国際的ジャーナリストの落合信彦の書いた小説である。

物語の圧倒的な魅力に吸い込まれ、我を忘れて読んだものだ。

この中には、円高円安のメカニズムが分かりやすく説明されている。実は、物語の主人公にはモデルがいた。

再建王の異名を取った来島ドックの「坪内寿夫」である。彼は、円高ショックに直面したのである。それが後世にまで伝えられる「ニクソン・ショック」と呼ばれるものだ。その前に「坪内寿夫」を紹介しておく。

 

坪内寿夫(1914年9月4日 - 1999年12月28日)は、愛媛県伊予郡松前町生まれの日本の実業家である。

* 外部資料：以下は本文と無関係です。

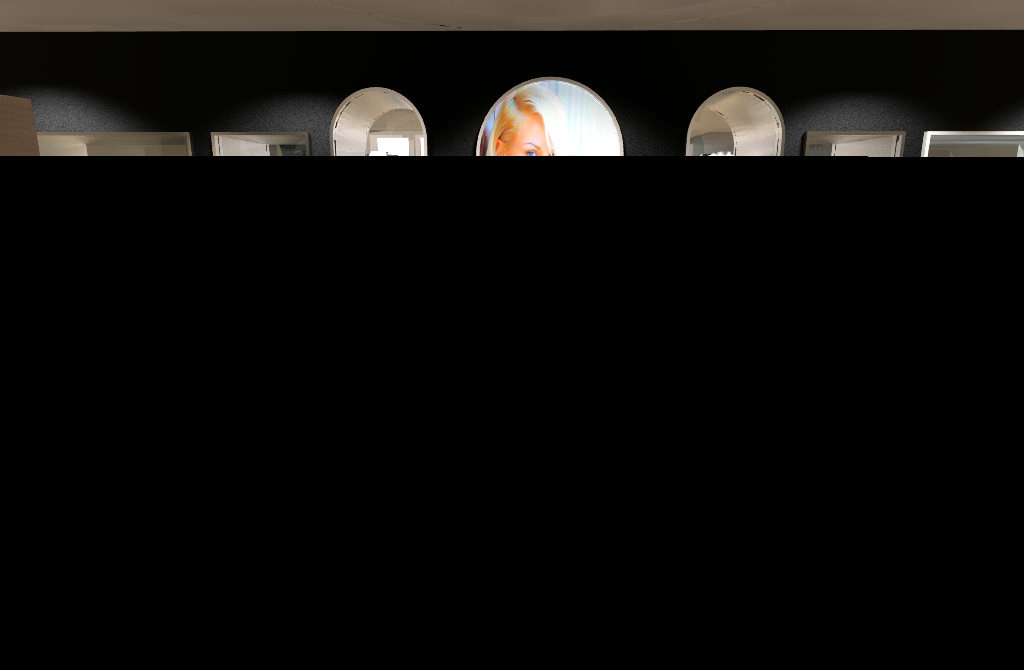 4400006.png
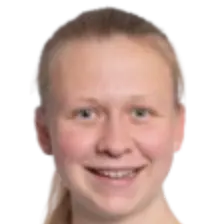 Ingrid Haugen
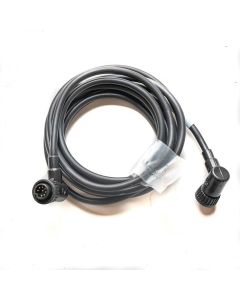 Cable de conexión B300S - B400S - Navigator LT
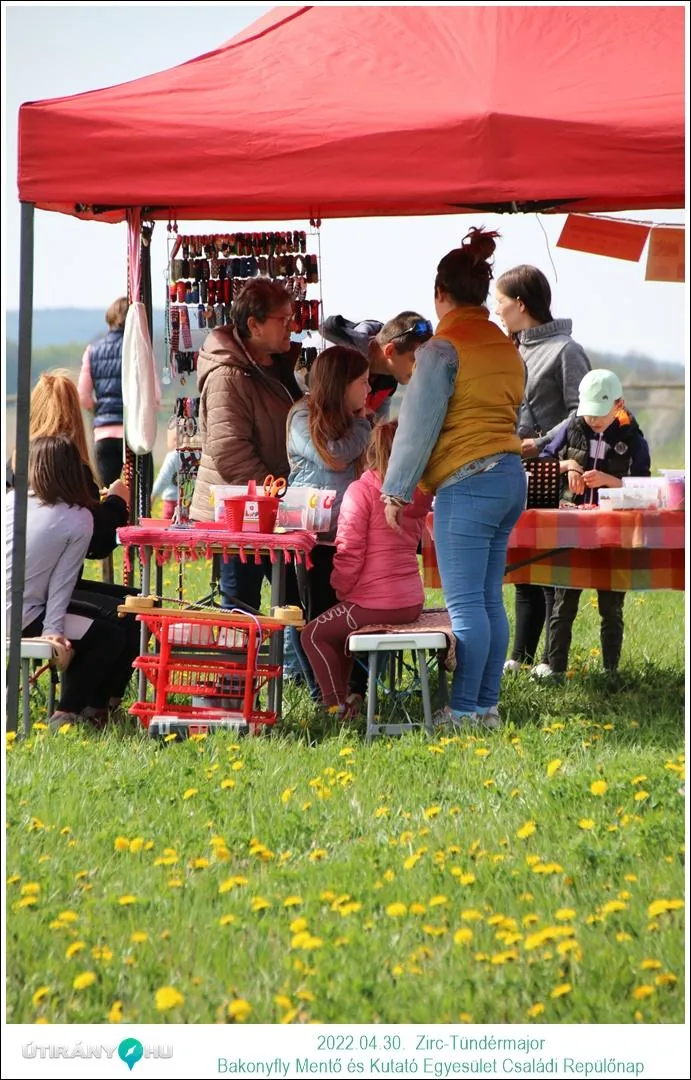 Fotók, Útirány.hu:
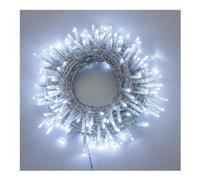 Filo luci Lotti Mini Led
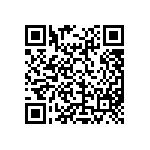 SPMWHT541MD5WARKS3 QRCode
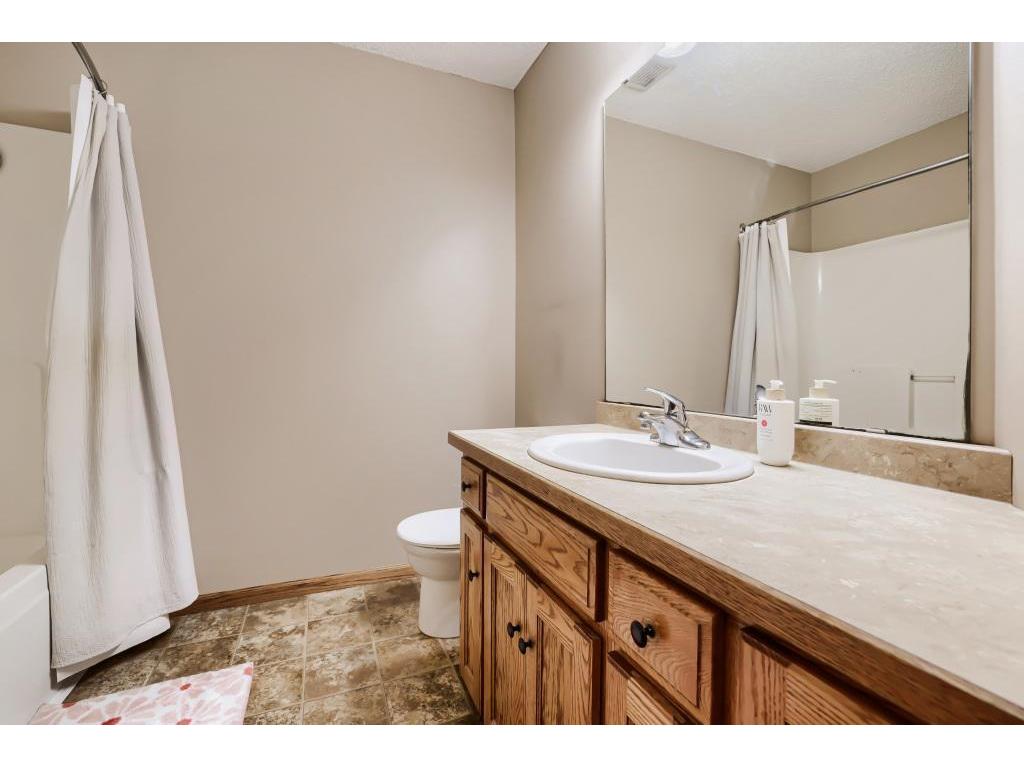 7256 Kahler Circle NE Otsego MN 55301 7085261 image13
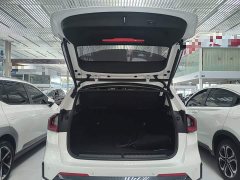 BMW X1 sDrive25Li X Design Package - ფოტო 19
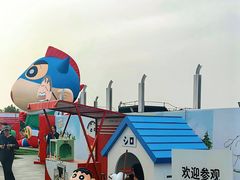 -杭州湖滨银泰in77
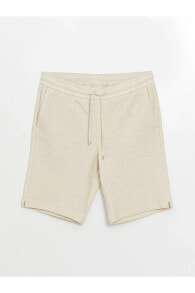 Men's Shorts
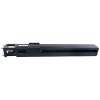 Serie LK86 Accionamiento por tornillo de bolas Carga máxima horizontal/vertical 40kg/12kg Carrera 410mm para motor servo - LK86-60DL10S3-410 | StepperOnline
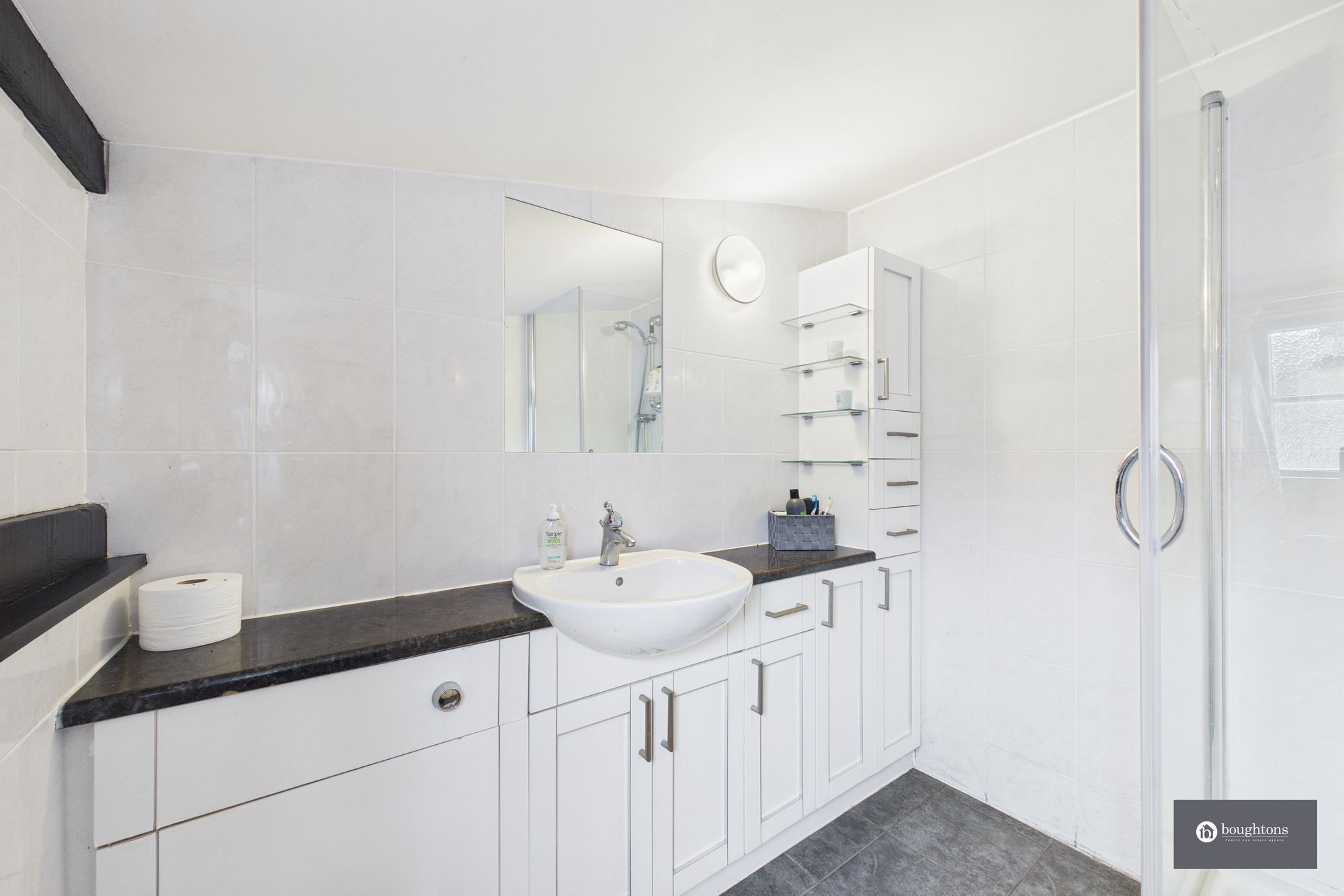 2 bed semi-detached house for sale in Mitre Street, Buckingham, MK18  - Property Image 26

倒産寸前の企業を数多く再建させた手腕から、一時はマスコミによって「再建王」、また船舶・造船・ドック会社を多数抱えたことから「船舶王」、四国を中心としたグループ形態から「四国の大将」とも称された。

 

そして、小説の中で描かれるのが「ニクソン・ショック」なのである。

造船業は、輸出産業である。決済は当然米ドルで行う。1970年代前半まで1ドルは360円に固定された固定相場制であった。しかし、米国はベトナム戦争で深みにはまっていた。戦争継続のために米ドル札を印刷しすぎて、金本位制の維持が出来なくなっていたのである。

 

リチャード・ニクソンが取った政策が金本位制の廃止である。この時点では、まだ1ドル360円を保っていたが、もう円相場がいつ崩れても可笑しくはなかった。当時、日本の産業界では「青天の霹靂」で、およそ90%の産業は息も絶え絶えになってしまった。

 

ところが、「坪内寿夫」の来島ドックだけは、1年前から金本位制の廃止を察知し、その対策を練っていたという。

彼が「四国の大将」とも慕われる要因でもあった。

 

この頃から、国際的な為替変動に興味を持っていれば、あなたはFXが解禁になったときに、大儲けをしたはずなのに、

何一つ勉強してこなかった。だからあなたの金融リテラシーは低いままだ。やれやれ。